Our April mass mobilisation, ‘The Big One’, the largest ever UK Climate protest, amplified these specific demands:

 The Fossil Fuel Era must end
An end to all new licences, approvals, and funding for fossil fuel projects, to begin a transition to a fair society centred on reparatory justice for all life on earth.

 

Change decided by us, not for us
The UK Government must create emergency citizens' assemblies to lead on fair, long-term solutions to the most urgent issues of our time.

The unfolding catastrophe of climate breakdown and biodiversity loss is now the umbrella under which all of our life in society takes place. It's deeply related to the cost of living crisis today and the injustices from our historic legacy of global inequality and colonialism. Many more now know this, and are ready to create real change. Most people, however, feel they have little or no agency politically, and see that UK politics is out of touch and out of date. We are ready for an upgrade. As the majority realise that systemic change is needed, we know our work is to help people see that they can be part of the decision-making process, building a strong and sustained popular effort. This is the work we will continue after coming together in Westminster.
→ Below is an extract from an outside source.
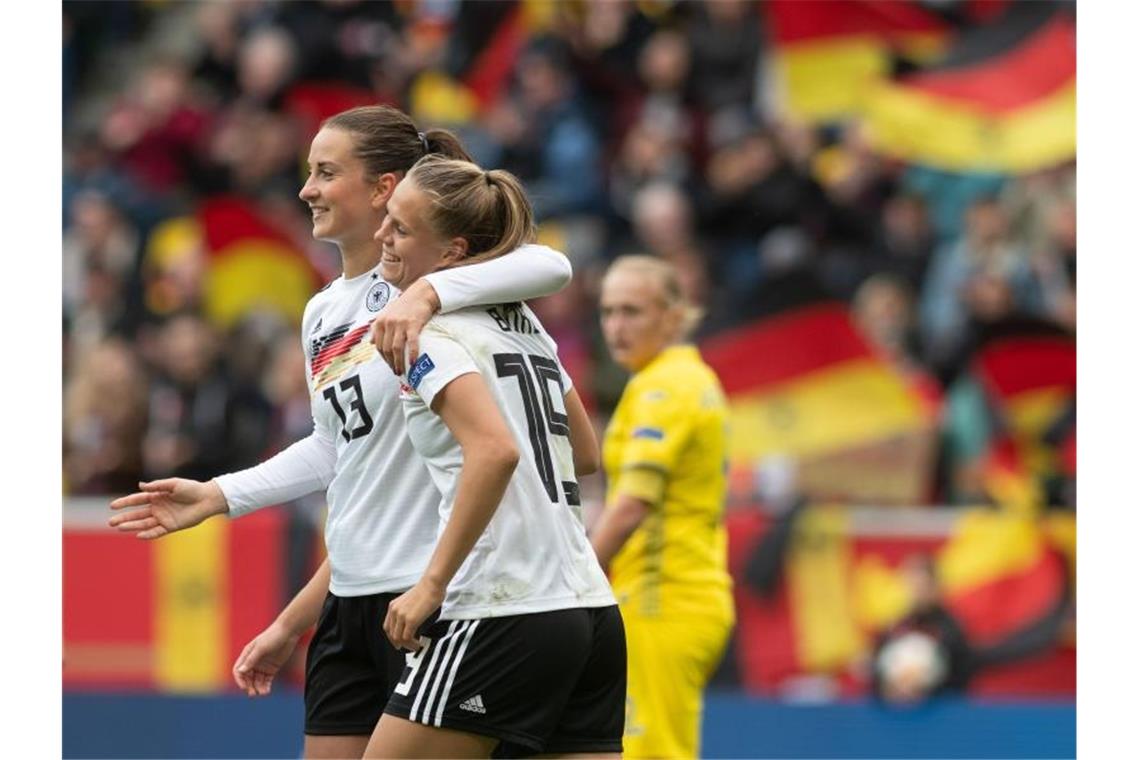 Deutschlands Däbritz (l) und Bühl jubeln nach einem Treffer. Wie im Hinspiel schlagen die DFB-Damen die Ukraine mit 8:0. Foto: Bernd Thissen/dpa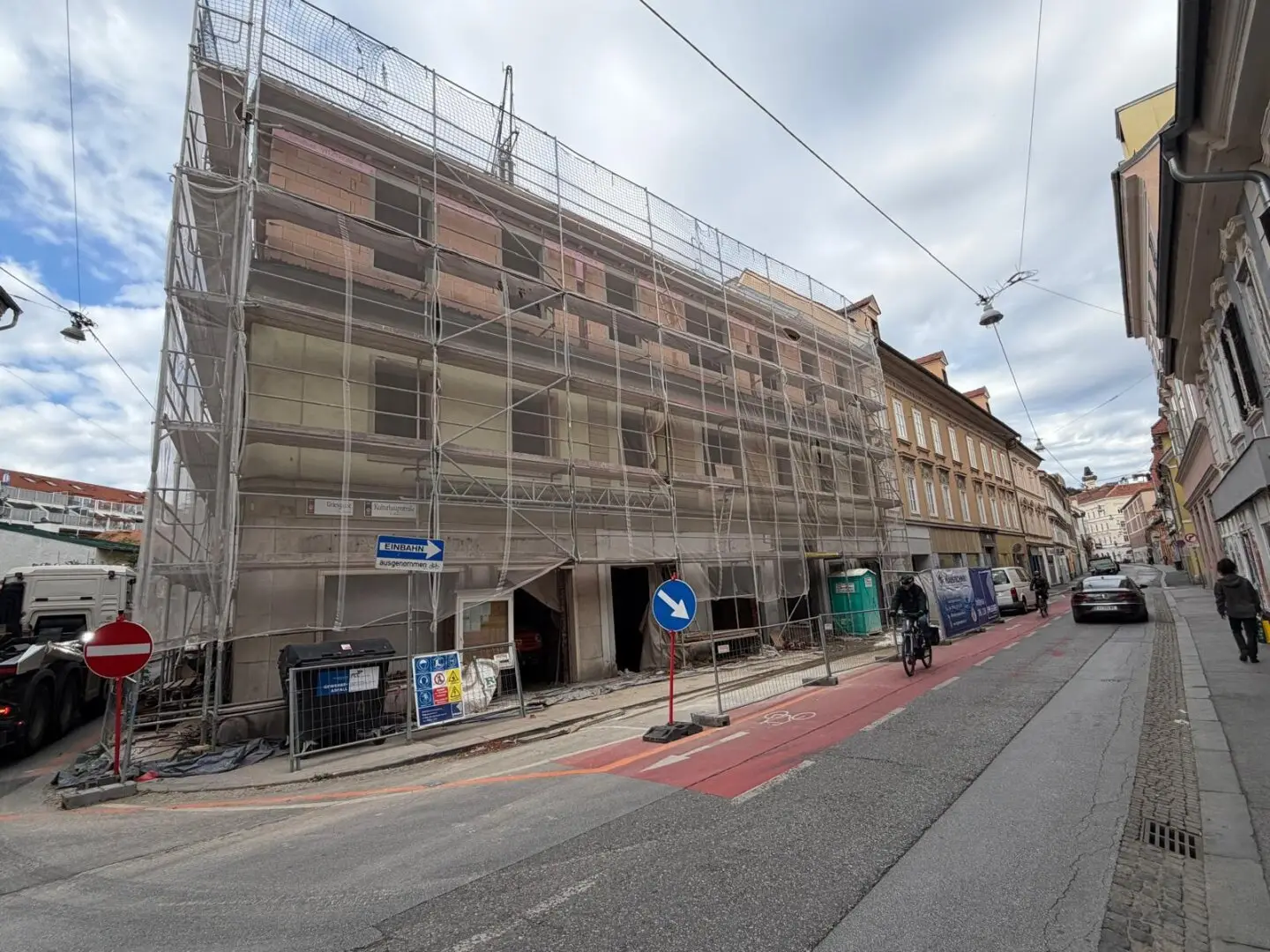 Modern commercial space in very popular Graz location adjacent to the 1st district at Feuerbachgasse corner Griesgasse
There is a place for us all in the work to create a new world.

While many more people are waking up to the level of transformation needed, few believe it could be achieved painlessly. The story that the public is told - that there are dangers in ending the fossil fuel era- is based on furthering the status quo through political choices. The public have forgotten how much power they have to make different choices, and to drive real change.
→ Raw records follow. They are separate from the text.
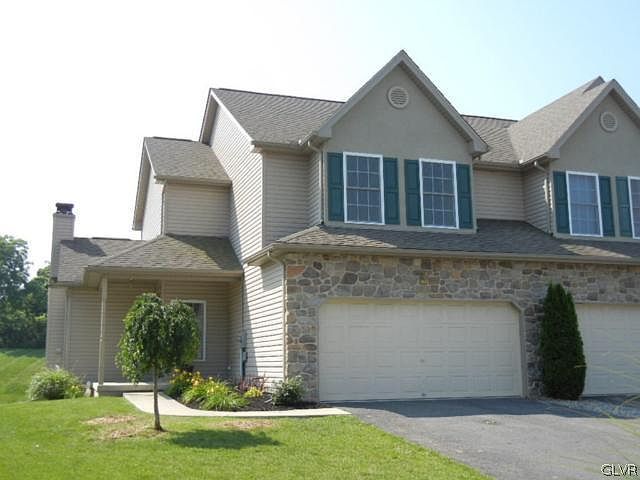 1st image of 208 S Kathryn St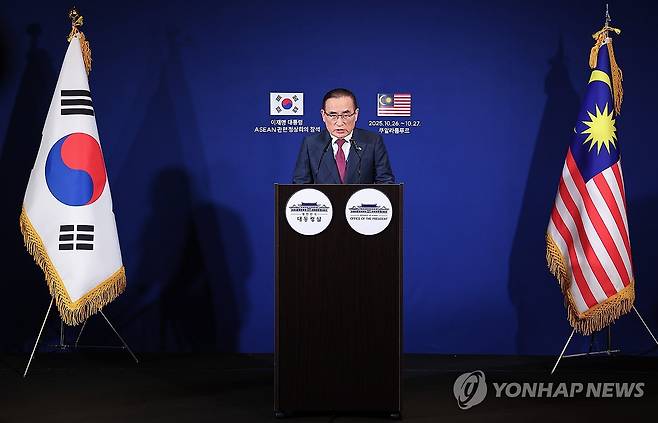 아세안 정상회의 관련 브리핑하는 위성락 안보실장 (쿠알라룸푸르=연합뉴스) 김도훈 기자 = 위성락 국가안보실장이 26일 말레이시아 쿠알라룸푸르의 한 호텔에 마련된 한국 기자단 프레스센터에서 아세안 정상회의 관련 브리핑을 하고 있다. 2025.10.26 superdoo82@yna.co.kr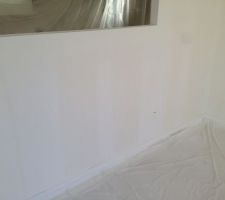 Les bandes ressortent sur les placos mouillés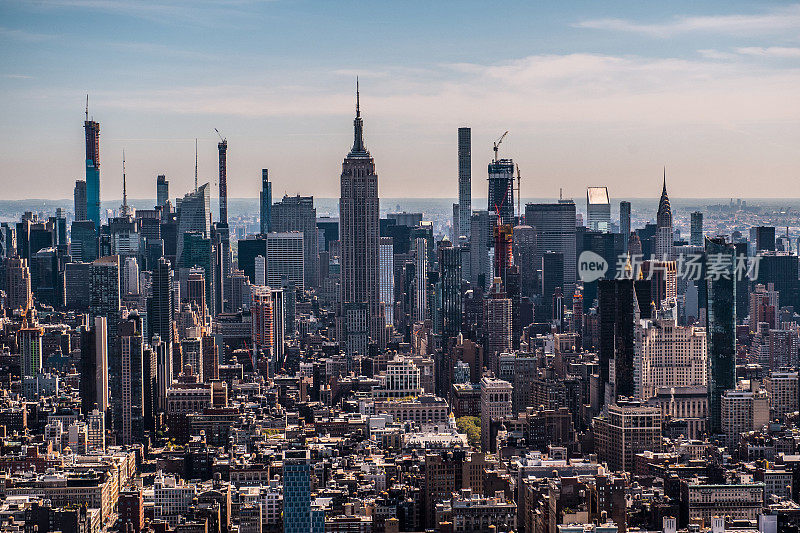 纽约曼哈顿中城的鸟瞰图，帝国大厦俯视天际线，这是一架直升飞机在黄金时间拍摄的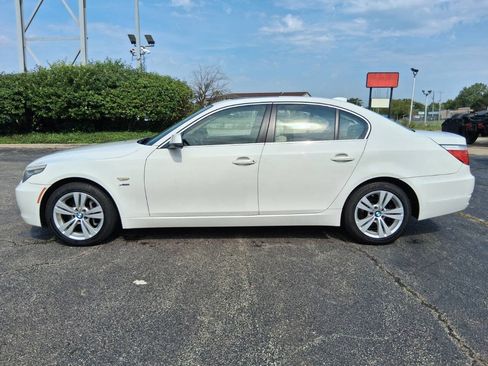 Used 2010 BMW 528i xDrive Sedan AWD/4WD image 5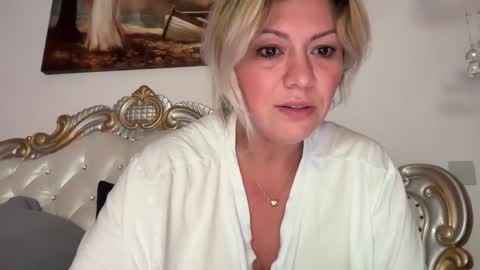 Snapshot of kiradivine chatting on September 10, 1:56 pm KiraDivine online show from September 10, 1:56 pm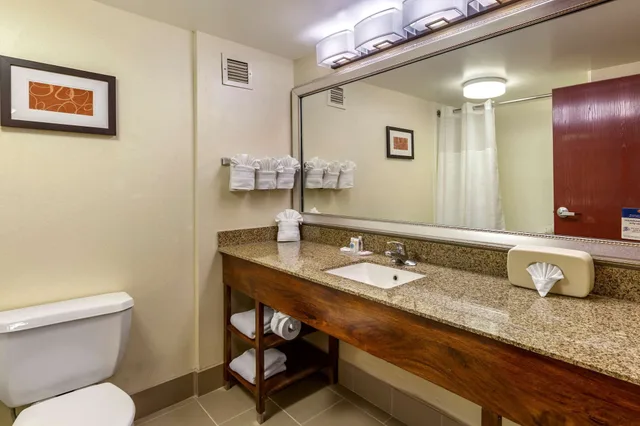 جناح لذوي الإعاقة، Comfort Suites Manassas Battlefield Park 8/9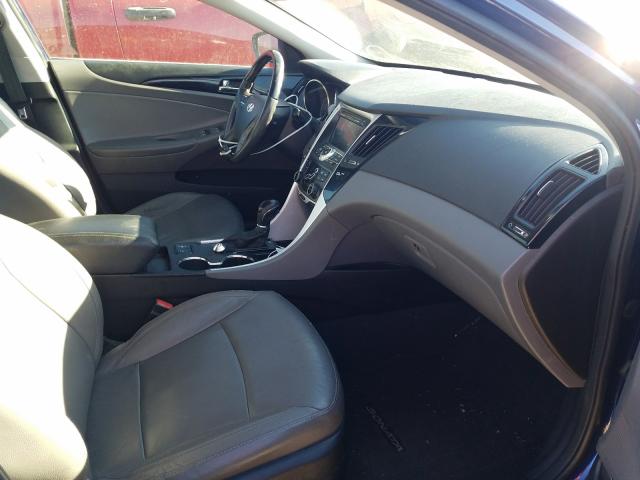 2011 HYUNDAI SONATA SE 5NPEC4AC5BH030372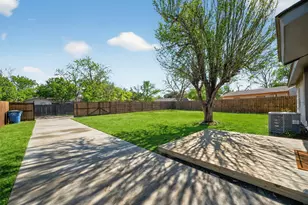 642 Botany Bay Dr, Dallas, TX 75211 - Photo 24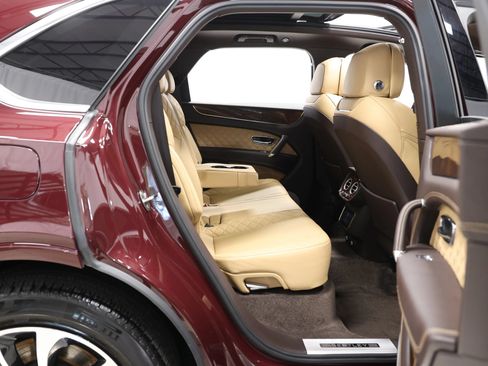 Used 2018 Bentley Bentayga AWD/4WD image 82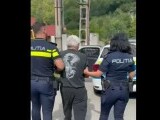 Policistka v Timišu prijela moškega, ki je s kuhinjskim nožem lovil svojo ženo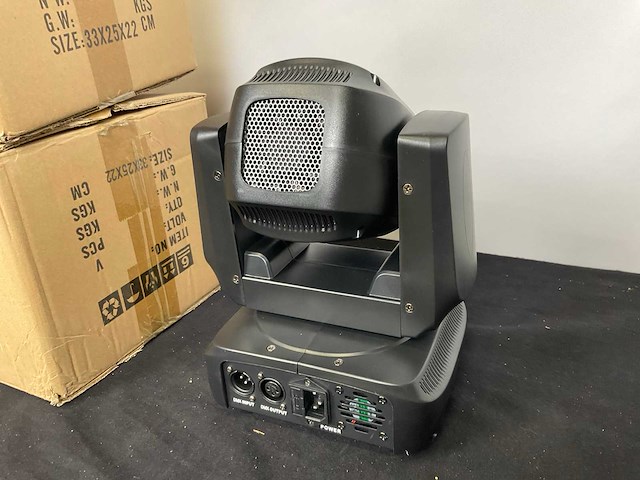 Moving head laser / wash (4x) - afbeelding 4 van  7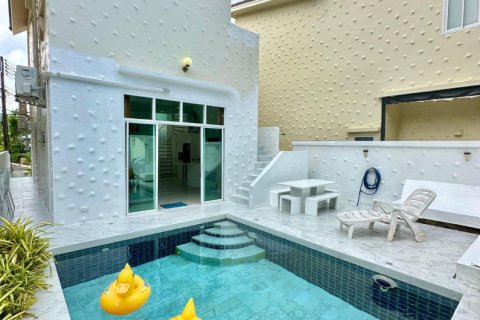 Villa in Pattaya, Thailand 3 bedrooms № 159892 - photo 3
Here in the UK, a huge cultural shift is needed, more than in many other countries. Disempowerment has been actively encouraged, with silence being treated as a virtue. A social culture of deference and even servility is still the norm, while resistance is discouraged by being painted as necessarily violent or destructive. The Public Order Act, now passed into law, is an attempt to pull our culture toward support for suppression of resistance.
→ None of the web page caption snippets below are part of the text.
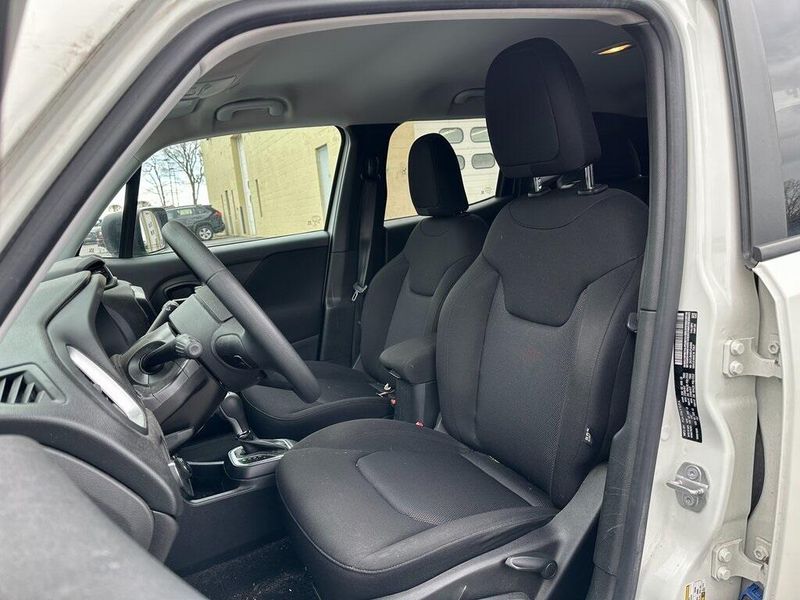 2018 Jeep Renegade SportImage 16
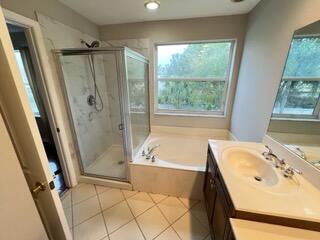 OLYMPIA 2 - Residential Lease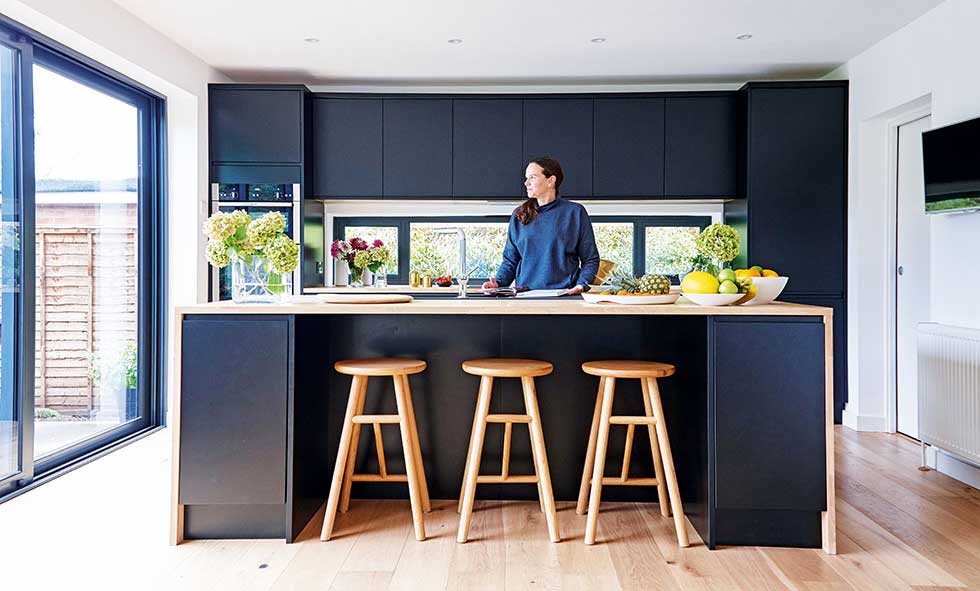 black kitchen island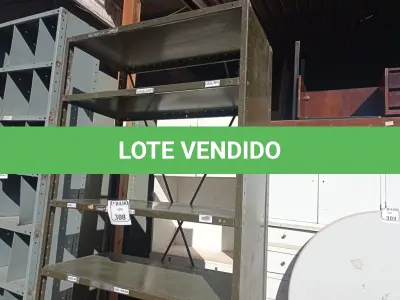 LOTE 308 - 01 ARMÁRIO DE AÇO COM 06 PRATELEIRAS. (NO ESTADO) ATENÇÃO! FAZER A VISITAÇÃO ANTES DE ARREMATAR, NÃO SABEMOS SE FUNCIONA. LEILÃO NÃO TEM GARANTIA E NEM DEVOLUÇÃO, SUJEITO A POSSÍVEIS AVARIAS VISÍVEIS/OCULTAS E/OU AUSÊNCIA DE COMPONENTES.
This is the moment to force the country to confront what is being lost. The prospect of collapse is not abstract, it is beginning now, in the erosion of values we had all thought universal. Now the Public Order Act has passed, we can use the legal overreach to create jeopardy and a new found common cause, with the right action design in the new conditions. This is an opportunity to show the power of many in unity. The state becomes impotent in the face of ordinary people standing together in big numbers.

But we must acknowledge the dangers, particularly for BIPOC rebels and allies. Not everyone is able to risk these confrontations with police, and we should respect that every rebel’s personal circumstances are different.

Operations and Action Circles will include the Public Order Act’s implications in their design of action strategy and guidance for the movement.